» **INSTRUCTIONS FOR THE TASK**
Every record below is to be retyped exactly, with any pictures left out.

» **INPUT MATERIAL**
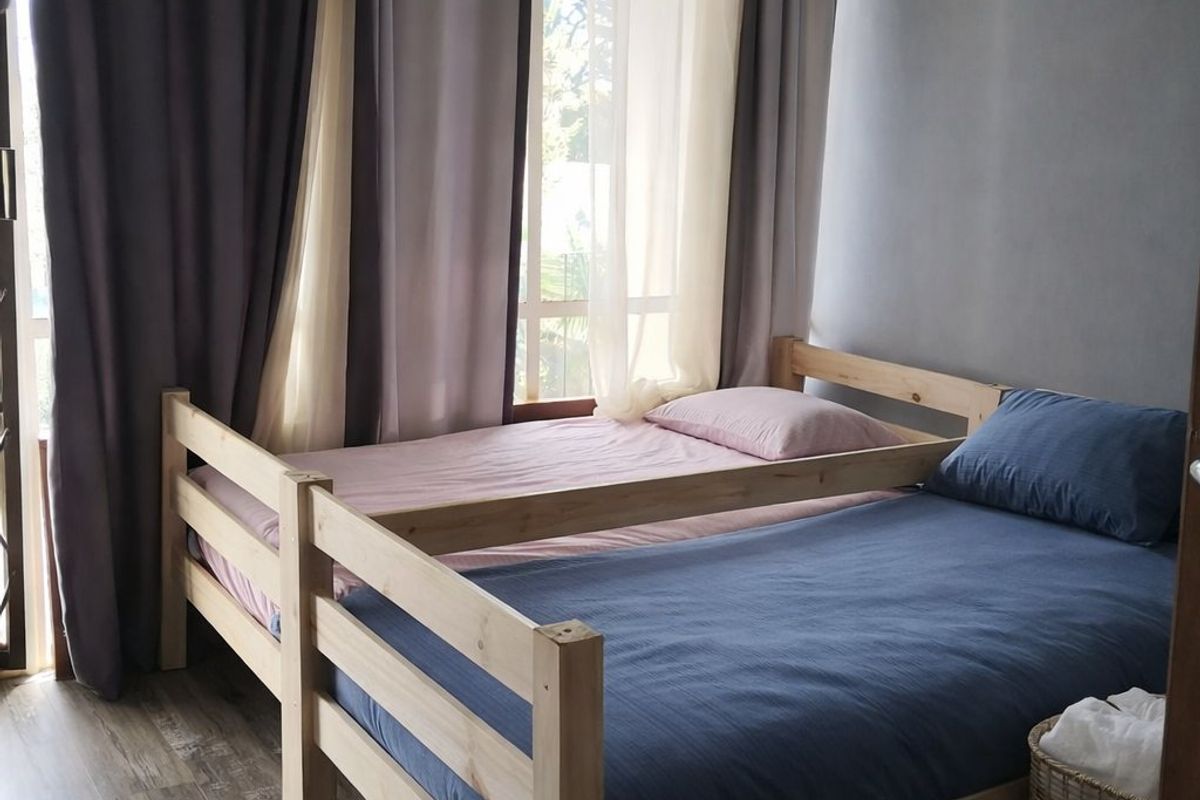 A bedroom featuring wood-look laminate flooring, recessed ceiling lighting, and a large window with floor-to-ceiling curtains.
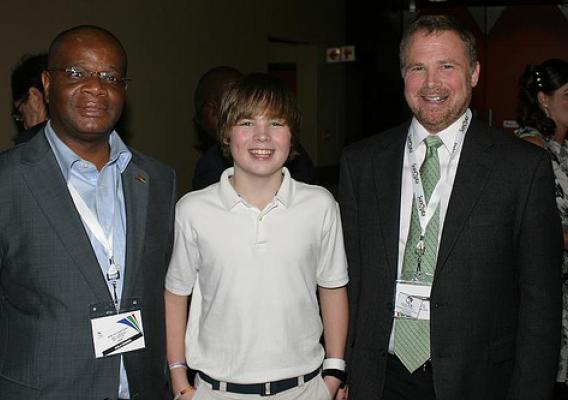 Mozambique Minister of Science and Technology Louis Pelembe (left) meets with National Soybean Research Laboratory  Director Craig Gundersen and his son, Van, during the World Soybean Research Conference earlier this year. Minister Pelembe participated in the Foreign Agricultural Service Cochran Fellowship Program and has used his training to help address critical food security and develop agricultural policy in Mozambique. (Courtesy photo)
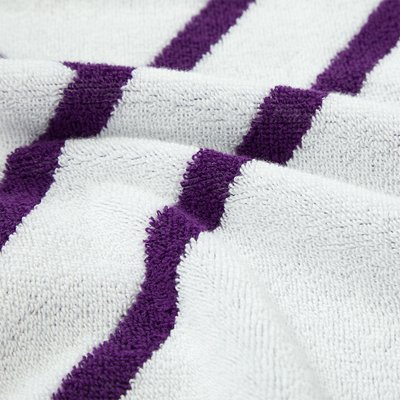 Serviette blanche à surface texturée, avec deux bandes violettes horizontales. Le tissu semble doux et absorbant.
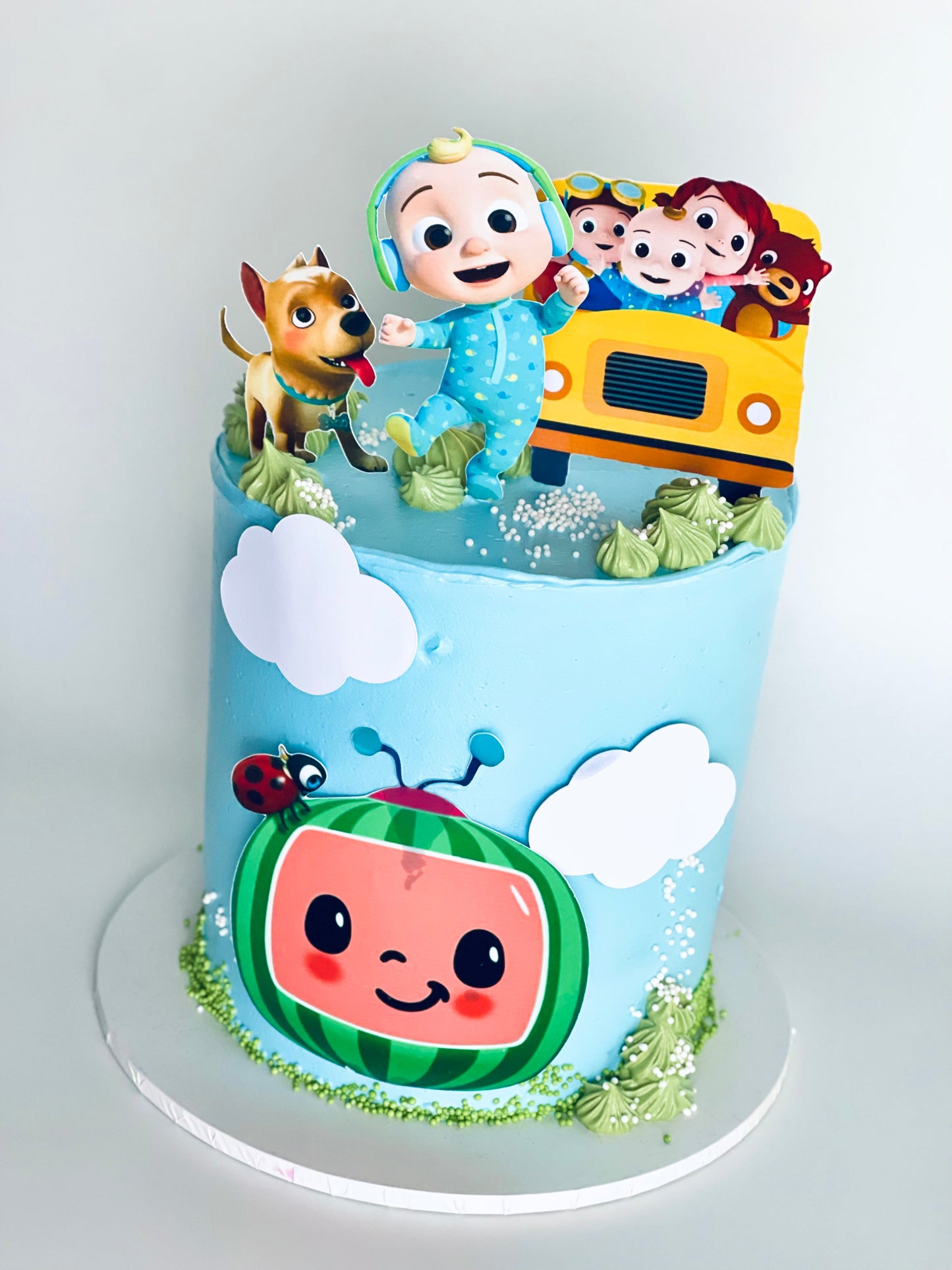 Colorful Cocomelon-themed birthday cake with vibrant decorations and Brisbane delivery option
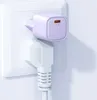 A purple USB-C charger plugged into a white wall socket, with a white power cord plugged into the socket below it. Anteprima dell’immagine prodotto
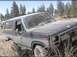 1985 Ford Bronco - This Ford Bronco appears to be from the early 1980s, with a two-tone paint scheme and large off-road tires.
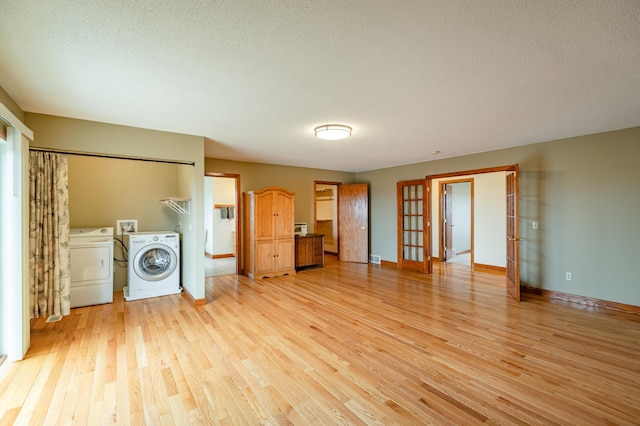 34506 Pleasant Point Dr, Homer Twp, MN 55987 - unfurnished living room with washer and dryer, light wood finished floors, french doors, baseboards, and a textured ceiling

» **TASK RESPONSE**
 A bedroom featuring wood-look laminate flooring, recessed ceiling lighting, and a large window with floor-to-ceiling curtains.
 Mozambique Minister of Science and Technology Louis Pelembe (left) meets with National Soybean Research Laboratory  Director Craig Gundersen and his son, Van, during the World Soybean Research Conference earlier this year. Minister Pelembe participated in the Foreign Agricultural Service Cochran Fellowship Program and has used his training to help address critical food security and develop agricultural policy in Mozambique. (Courtesy photo)
 Serviette blanche à surface texturée, avec deux bandes violettes horizontales. Le tissu semble doux et absorbant.
 Colorful Cocomelon-themed birthday cake with vibrant decorations and Brisbane delivery option
 A purple USB-C charger plugged into a white wall socket, with a white power cord plugged into the socket below it. Anteprima dell’immagine prodotto
 1985 Ford Bronco - This Ford Bronco appears to be from the early 1980s, with a two-tone paint scheme and large off-road tires.
 34506 Pleasant Point Dr, Homer Twp, MN 55987 - unfurnished living room with washer and dryer, light wood finished floors, french doors, baseboards, and a textured ceiling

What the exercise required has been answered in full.